Though brokers can trade on either segment and Plus-traded has risen 30 per cent, certain upgrades by firms are needed to execute business in Plus-traded securities.
“The only reason we are doing what we have undertaken now in terms of the trading side is in response to market demand,” says Ms Wynn-Evans. “We built a new platform because the customers wanted it and they also paid for it.”
So far there have been no system outages, but as Ms Wynn-Evans acknowledges: “It’s a simple quote driven model...we’re not talking about a fantastically expensive platform that will reduce latency from three milliseconds to one. Milliseconds don’t matter to retail investors.”
Investors can now see a market through two market screens: one on Plus and another on the LSE’s SETSmm. Plus also restructured the market (Ofex) from top to bottom as it was “predicated on the wrong business model” that failed to meet the needs of the companies or investors, and introduced a new rulebook.

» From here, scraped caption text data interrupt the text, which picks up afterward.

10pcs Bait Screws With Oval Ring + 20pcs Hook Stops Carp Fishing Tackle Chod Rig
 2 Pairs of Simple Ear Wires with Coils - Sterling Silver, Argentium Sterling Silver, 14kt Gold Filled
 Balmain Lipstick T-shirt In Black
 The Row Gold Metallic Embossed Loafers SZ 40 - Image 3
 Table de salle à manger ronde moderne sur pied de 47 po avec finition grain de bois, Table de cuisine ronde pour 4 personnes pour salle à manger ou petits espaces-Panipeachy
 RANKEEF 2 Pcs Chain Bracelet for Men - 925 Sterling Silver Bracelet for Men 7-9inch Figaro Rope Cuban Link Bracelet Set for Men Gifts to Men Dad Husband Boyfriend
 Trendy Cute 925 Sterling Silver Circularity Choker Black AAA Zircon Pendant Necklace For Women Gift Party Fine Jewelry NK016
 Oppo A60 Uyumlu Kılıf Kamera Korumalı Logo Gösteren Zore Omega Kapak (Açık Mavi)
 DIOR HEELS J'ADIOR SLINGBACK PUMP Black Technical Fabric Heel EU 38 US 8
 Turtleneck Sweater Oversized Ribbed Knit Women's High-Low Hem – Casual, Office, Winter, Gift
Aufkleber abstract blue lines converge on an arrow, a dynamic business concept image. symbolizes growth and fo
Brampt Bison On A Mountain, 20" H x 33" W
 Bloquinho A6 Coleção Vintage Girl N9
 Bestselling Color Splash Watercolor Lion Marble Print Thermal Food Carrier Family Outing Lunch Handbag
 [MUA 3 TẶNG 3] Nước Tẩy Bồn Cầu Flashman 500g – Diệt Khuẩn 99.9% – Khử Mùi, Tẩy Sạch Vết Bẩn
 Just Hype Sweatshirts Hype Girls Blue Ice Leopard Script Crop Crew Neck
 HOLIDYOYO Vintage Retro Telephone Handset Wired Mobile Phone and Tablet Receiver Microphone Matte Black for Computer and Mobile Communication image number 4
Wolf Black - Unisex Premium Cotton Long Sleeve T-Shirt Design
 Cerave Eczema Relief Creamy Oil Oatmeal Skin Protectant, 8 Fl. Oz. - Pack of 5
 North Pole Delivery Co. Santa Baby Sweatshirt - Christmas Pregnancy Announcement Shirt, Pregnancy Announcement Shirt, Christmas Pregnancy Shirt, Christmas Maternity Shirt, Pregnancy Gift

Since launch, Plus has seen over 209,000 trades with a value of over £1.26bn, with some 800 companies now admitted to trading across three market segments (Plus-quoted - i.e. old Ofex, Plus-traded unlisted and Plus-traded listed).
Kicking off
Just prior to installing the new system, Plus witnessed a turnaround in primary market listings from mid-2005, thereby arresting a five-year decline. Today there are around 162 Plus-quoted companies including the likes of Arsenal football club, as of 19 July seven more companies were in the process of applying to join with 67 companies having joined between January 2005 and that latter point.
Plus has two sets of customers: on the primary market it offers an alternative to companies where Aim is “a step too far” for smaller companies, while on the secondary market side it offers an execution and trading reporting venue primarily targeted at the private client broking community.
Private client brokers now have a choice of two execution venues (and two screens) for small caps: the LSE’s SETSmm for Aim and Plus. And, with the British chancellor having made some changes in his spring budget to VCT rules he has effectively“restricted” fund raisings in which VCTs are getting involved to around the £2m to £3m fund raising level.
Plus’ Wynn-Evans asserts: “Fund raising at that level isn’t practical today on more senior markets…but is on Plus. The practical impact should be an increased channeling of VCT money onto our market and away from Aim.”